The novel contribution here is Model-Based Clustering (MBC), a two-stage approach:

  1. Train individual LoRA adapters for each task for a specified initial number of steps.
  2. Cluster these adapters based on the similarity of their weights, then train one adapter per cluster for the remaining steps.

This method allows for transferring useful information between similar tasks, effectively compressing the information from a large set of tasks into fewer, more generalized adapters.

Reusing the LoRA Library

Once a library of adapters is built, selecting and reusing the right adapters for new tasks is crucial. The authors explore several routing strategies for this purpose:

  1. μ Routing: All adapters are equally weighted, essentially averaging their outputs.
  2. Task Predictor (TP) Routing: A classifier is trained to predict the relevant task for a given input, guiding which adapters to use.
  3. Centroid Matching (CM) Routing: Each adapter has a prototype representation obtained from its training data, and the adapters are selected based on the similarity of this prototype to the given input.
  4. Arrow Routing: This novel zero-shot method uses Singular Value Decomposition (SVD) to find the most relevant adapters based on the direction of maximum variance induced by their parameters.

Arrow Routing offers a lightweight, efficient way to dynamically select the best-suited adapters without requiring access to the training data, thus fitting well into decentralized, asynchronous learning environments.

Experimental Results

The experimental evaluation spans both zero-shot and supervised learning scenarios on LLMs like Phi-2 and Mistral. The results show:

  • Zero-Shot Performance: Libraries built using MBC consistently outperformed other methods, with Arrow Routing enhancing the performance further, especially when used with a large library of adapters.
  • Supervised Adaptation: MBC combined with Poly routing achieves the best results, showing that both effective clustering and routing are key to leveraging the full potential of the adapter library.

Implications and Future Work

This research paves the way for more scalable and flexible usage of LLMs, leveraging decentralized and collaborative model training. By efficiently combining and routing through a myriad of pre-trained adapters, models can be made more adaptable to new tasks without retraining from scratch.

Potential future directions include:

  • Extending the techniques to other types of adapters beyond LoRA.
  • Scaling the approach to larger models and more diverse datasets.
  • Investigating usage in continuous learning settings where new tasks continuously emerge.

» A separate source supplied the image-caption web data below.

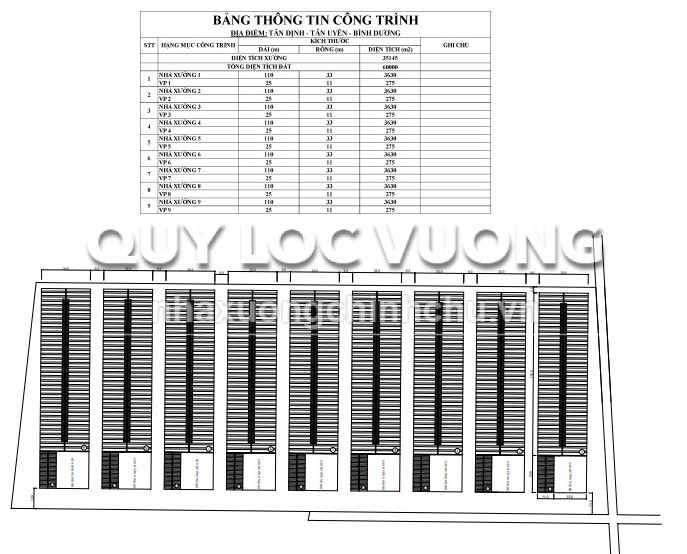Cho thuê 9 xưởng tổng diện tích 35.145m2 ở Tân Định, Tân Uyên, 3USD/m2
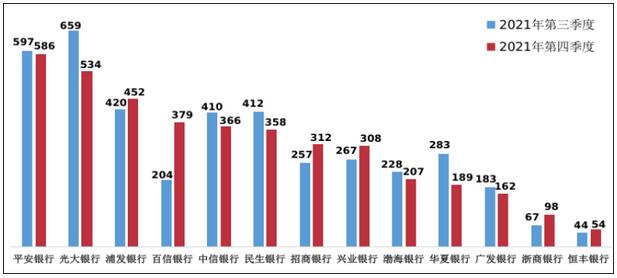 2021年第4季度个人贷款投诉：工商银行、平安银行、渣打银行分列首位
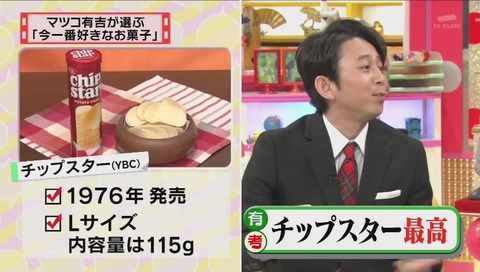 マツコ有吉の怒り新党 お菓子論争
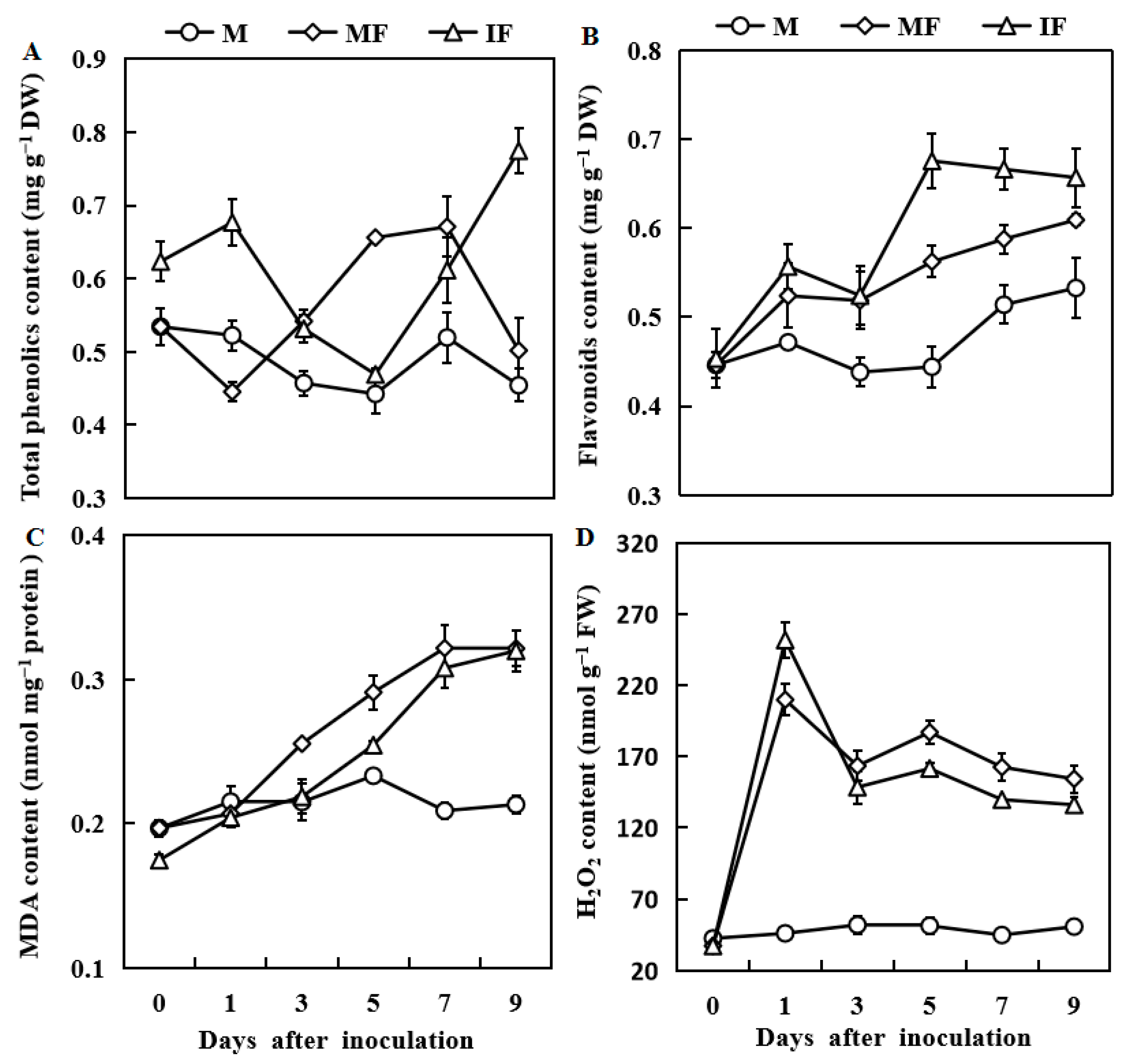 Horticulturae 09 00027 g006 Horticulturae 09 00027 g006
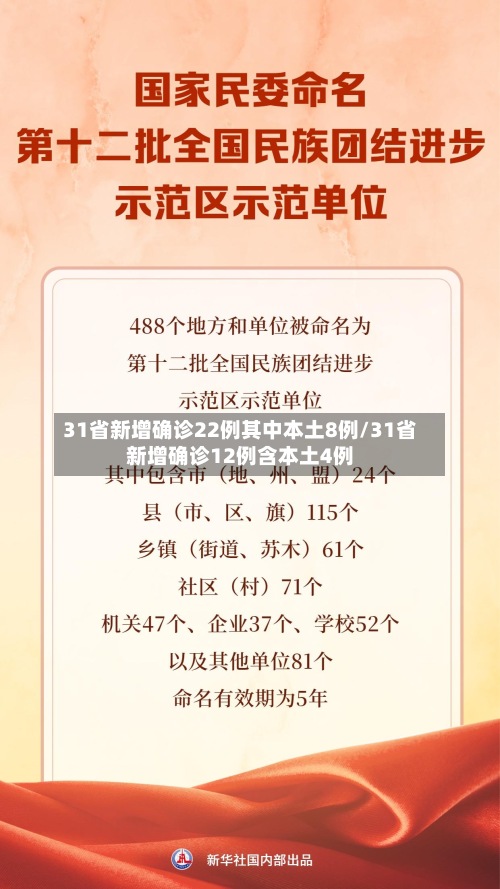 31省新增确诊22例其中本土8例/31省新增确诊12例含本土4例-第3张图片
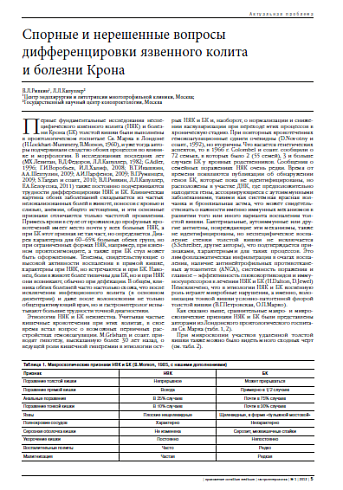 Спорные и нерешенные вопросы дифференцировки язвенного колита и болезни Крона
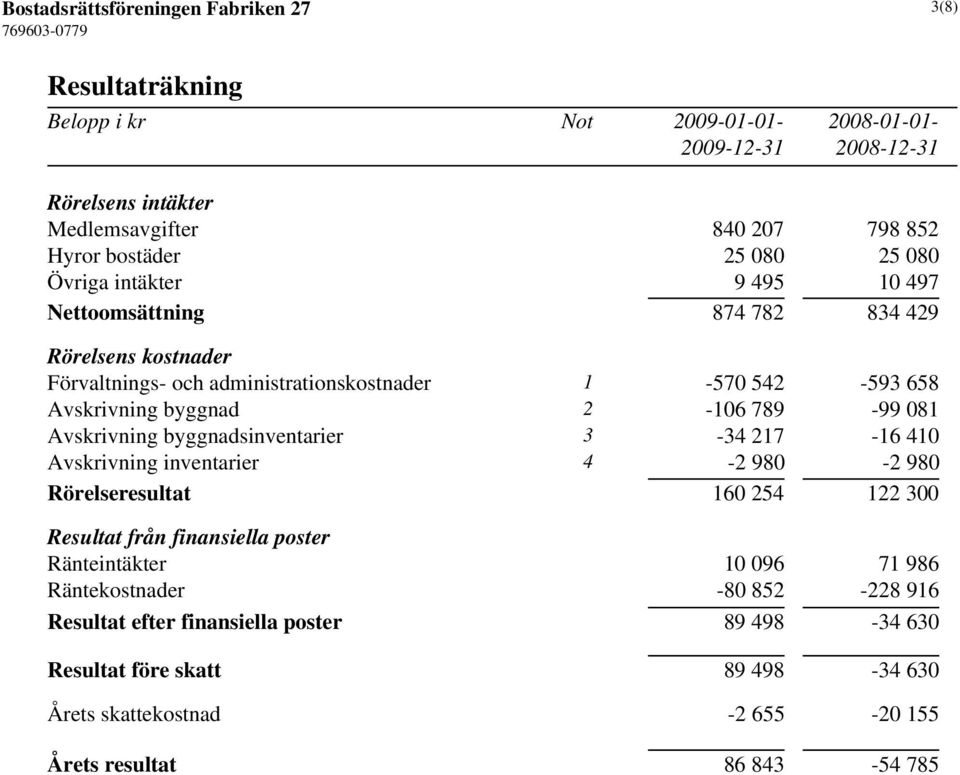 081 Avskrivning byggnadsinventarier 3-34 217-16 410 Avskrivning inventarier 4-2 980-2 980 Rörelseresultat 160 254 122 300 Resultat från finansiella poster Ränteintäkter 10 096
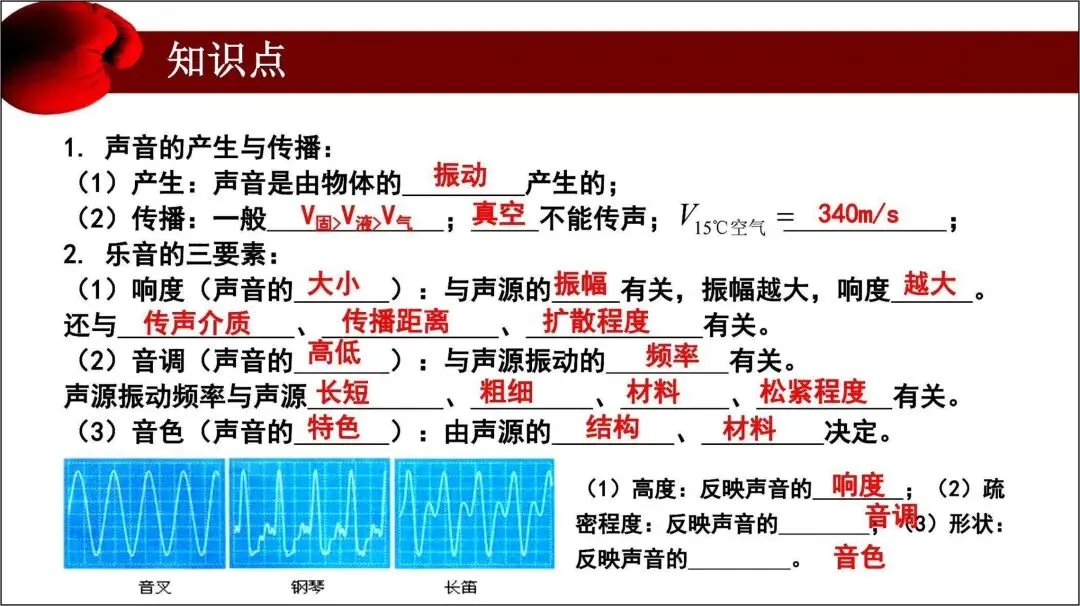 中考总复习|2026年中考《物理》初中复习知识点_电子版可打印! 第3张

By focusing on modular and parameter-efficient executions, this approach could significantly reduce the computational footprint and increase accessibility for smaller research groups or applications with constrained resources.

Conclusion

This paper makes significant strides in making LLMs more modular and adaptable through the innovative use of a library of LoRA adapters. By addressing both the construction and utilization of such a library, and introducing methods like MBC and Arrow Routing, it demonstrates how we can push the boundaries of efficient, flexible, and robust multi-task learning. The future looks promising for more scalable and collaborative advancements in LLMs.